3.1 La « problématique
obligée »
La constitution de pôles financiers
dans le secteur des médias d’information est concomitante à l’implication
croissante dans ce dernier d’acteurs dont les intérêts économiques s’étendent
dans l’ensemble de la sphère économique. Une telle évolution exacerbe la
tension entre d’une part la déontologie journalistique, et ses corollaires de
la liberté d’expression, d’indépendance, d’objectivité et de pluralisme, et
d’autre part les logiques économiques qui régissent le secteur. Cette tension,
qui est très ancienne, se cristallise dans un premier temps autour de ce que
Julien Duval appelle la « problématique obligée » [Duval, 2004,
p.49]. Il s’agit en fait de la question des relations entre les journalistes et
les intérêts économiques.
Journalistes,
connivence et régulation interne
Commençant son analyse par un ouvrage
de 1891 de Zola, L’Argent, J.Duval s’efforce de retracer l’histoire de
cette problématique qui consiste à interroger les relations que la presse
entretient avec les pouvoirs économiques à la lumière des pratiques corrompues
d’une presse « vénale ». Le développement d’une telle presse trouve
ses racines au XIXème siècle dans la période où en France l’on voit s’affirmer
un capitalisme industriel et financier, qui fait appel aux épargnants par le
biais de la Bourse. A cette occasion, une multitude de journaux boursiers sont
créés, tenus très souvent par des établissements bancaires et par des acteurs
fortement impliqués dans la spéculation boursière, dans le seul but de
manipuler les épargnants. Cette période aura des répercussions sur la
constitution du champ journalistique en France, produit des débats qui ont eu
lieu à l’époque : « suscité par certaines fractions du monde
intellectuel et politique ce débat constitue une mise en question de
l’influence que l’économie exerce sur la presse.
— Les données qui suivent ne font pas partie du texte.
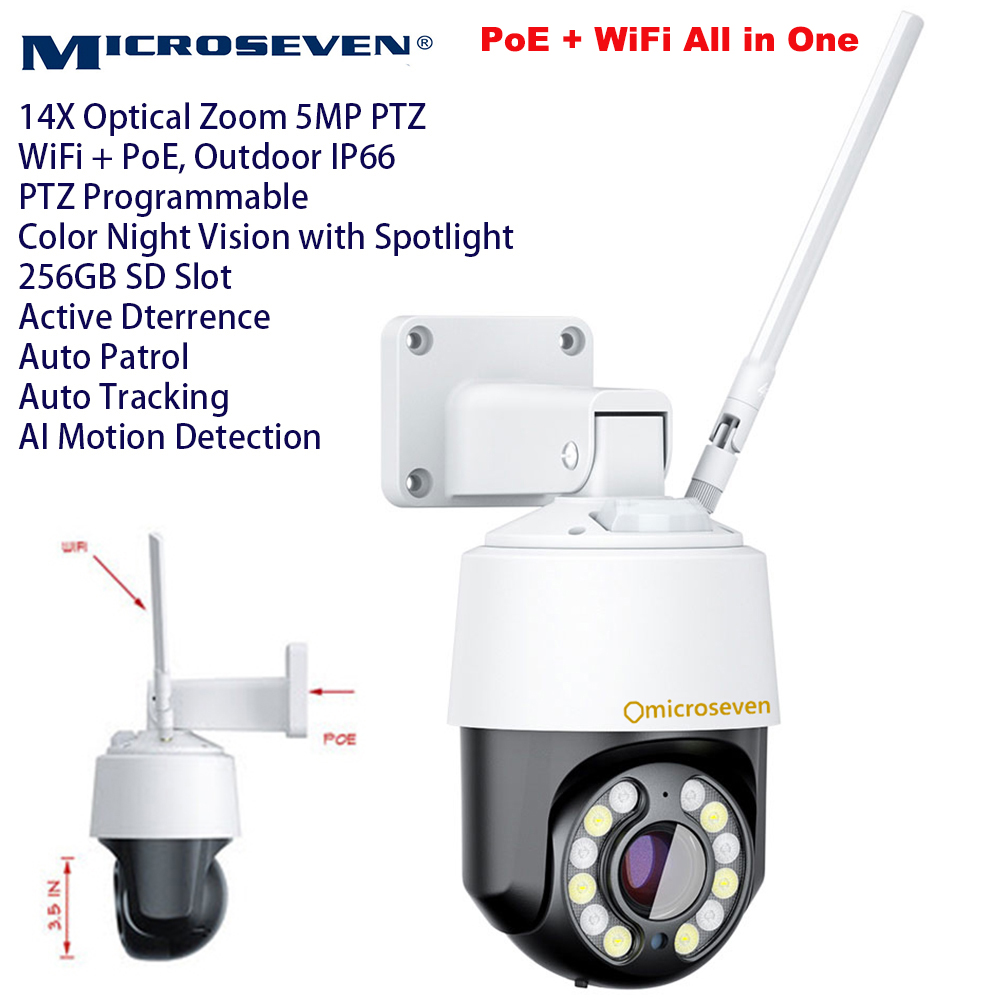 Microseven M7 Professional Open Source Security Camera, Remote Managed,14x optical zoom mini PTZ Security IP Camera, 5MP (2560x1920p), [WiFi+POE] All in One, Motion, PTZ auto-tracking, Light active deterrence, Outdoor weatherproof IP66, Spotlight and IR night vision, 2-way audio, FTP, microSD card slot 256gb,M7RSS (Video Recorder Server), Cloud Storage, Broadcasting on YouTube and Microseven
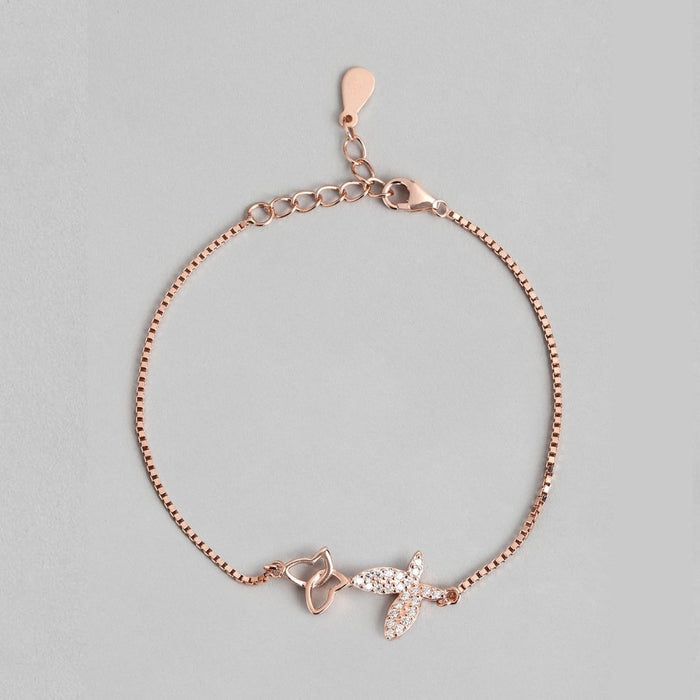 Twin Butterfly CZ Rose Gold Plated 925 Silver Bracelet (Adjustable)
L’un de ces effets, encore
très observable aujourd’hui, réside dans l’imposition d’une définition de
l’indépendance journalistique qui est progressivement dominante » [ibid.,
p.35]. Ce processus de régulation interne du champ journalistique débute à la
fin du XIXème siècle en France, initié par des journalistes, qui, comme le
rappelle Cyril Lemieux, « étaient les premiers à considérer que si la
mutation capitaliste de la presse devait être assurée, des principes
régulateurs néanmoins devaient être instaurés, afin d’empêcher que la logique
du verdict populaire ne mène inexorablement à la dégradation morale du débat
public, et qu’elle n’encourage la prolifération des conduites journalistiques
avilissantes et la perte définitive d’autonomie face aux employeurs »
[Lemieux, 2000, p.50].
De ce point de vue, l’emprise de
l’économie sur l’information est envisagée uniquement depuis l’angle des
pressions et ingérences rédactionnelles que subissent les journalistes quand il
s’agit d’enquêter sur des questions qui touchent les intérêts économiques de
leurs employeurs. Julien Duval, à l’appui des exemples concrets, montre que
cette approche, qu’il nomme « problématique obligée », et qui
consiste à mettre en cause des pratiques compromettantes volontaires de la part
des journalistes est, encore aujourd’hui, le point de vue qui s’impose aux
médias quand il s’agit de traiter leurs propres relations avec la sphère de
l’économie. C’est la même question qu’aborde Géraldine Mulhmann quand elle
examine un courant critique des médias qui consiste à mettre en évidence le
degré auquel certains journalistes sont au service des pouvoirs politiques et
économiques [Mullhmann, 2004][1]. La
démonstration est faite à travers une description des intérêts financiers et
économiques dans lesquels sont imbriqués les grands médias, une tendance qui se
renforce actuellement comme nous l’avons vu plus haut, ainsi qu’à travers la
mise en évidence du circuit fermé dans lequel évoluent les journalistes
influents, les dirigeants politiques et les hommes d’affaires, un milieu homogène
tant du point de vue économique que idéologique : « les maux
sont aisément identifiés – des journalistes au service des puissants – ,
ce qui suppose un remède lui-même clair – un journalisme qui rompe ce lien
incestueux avec les puissants » [ibid., p.39].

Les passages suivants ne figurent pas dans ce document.